La voce della loro relazione giunge presto a Kemal (Settar Tanrioğren), padre di Mertkan, che lo ostacola in tutti i modi, prima minacciandolo, poi impedendogli di usare l’auto (nel frattempo il ragazzo ha avuto un incidente nella notte) e infine mandandolo a lavorare in un’altra città. Intanto Gül è seguita da un amico del mancato sposo che la vuole riportare al suo villaggio nella Turchia orientale. E un giorno la ragazza scompare. Anche qui l’incapacità di liberarsi dai legami di Metkal si manifesta: rientra mesto in famiglia, senza neanche provare a cercare l’amata. Un finale monco solo in apparenza perché è il cedimento di fronte al maschilismo della società (la madre, che pure guardava con favore la relazione, non si pronuncia e cede sempre davanti al marito). E resta solo accennata, ma chiara, anche la condizione di frustrazione del padre, a sua volta insoddisfatto e schiaccato da cose più grandi di lui, a simboleggiare un’oppressione che passa di padre in figlio.

Il regista racconta tutto in modo asciutto, eliminando i raccordi tra le scene, senza spiegare troppo ma lasciando emergere tutti i sentimenti da un piccolo gruppo di attori ben scelti. Yüce, oltre che aver lavorato per alcune serie tv, è stato aiuto regia per Ozer Kiziltan, Yesim Ustaoglu e Fatih Akin (per “Ai confini del paradiso”).  Quest'ultimo era pure presidente della giuria veneziana che ha premiato Yüce.
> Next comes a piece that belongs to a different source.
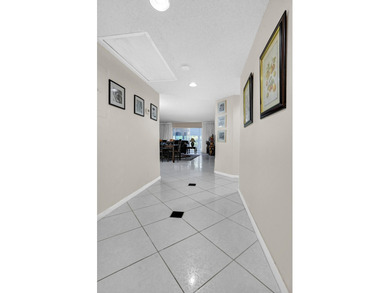 Enjoy the best of 55+ living in this lovely 2-bedroom, 2-bath on Wynmoor Golf Course in Florida - for sale on GolfHomes.com, golf home, golf lot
Nella 25° Settimana della critica, insieme al greco “Hora proelefsis - Terra madre” di Syllas Tzoumerkas, c’era "Oca – Papà" dello sloveno Vlado Skafar. Si tratta dell’esordio nel lungomeraggio del critico che è stato cofondatore della Slovenska Kinoteka e del Kino Otok – Isola Cinema Festival. È il racconto di una giornata tra padre e figlio di 10 anni, che vive con la madre. Camminano nel bosco, pescano, fingono di giocare a calcio senza pallone, si sdraiano per terra, parlano. I due si conoscono poco, il piccolo si è legato molto alla madre ma soffre l’assenza paterna tanto da lasciarsi più volte andare al pianto. Il padre resta sorpreso dalla maturità di certi discorsi del figlio. La sera Miki riaccompagna il piccolo Sandi dal viso d’angelo alla casa materna. E resta fuori al buio a guardare le finestre che si illuminano. Il giorno dopo il padre è in una manifestazione davanti ai cancelli di una fabbrica in crisi a Murska Sobota, cittadina ai confini con l’Ungheria.

L’autorevolezza e l’originalità del lavoro sono dichiarati fin dall’inizio: le prime scene sono senza sonoro, poi i suoni modificati (a volte esasperati, altri attutiti), i dialoghi spesso fuori campo, le poche musiche variano da Beethoven a Nat King Cole. Il tono del breve film (poco più di un’ora) è rimarcato da episodi in apparenza slegati come il giardiniere al tavolino del bar che racconta di come dia agli alberi i nomi dei papi e dei personaggi di Tolstoj. Ne esce un’opera leggera e profonda che resta dentro gli occhi dello spettatore e ha poco a che fare con il cinema che circola oggi nelle sale e nei festival.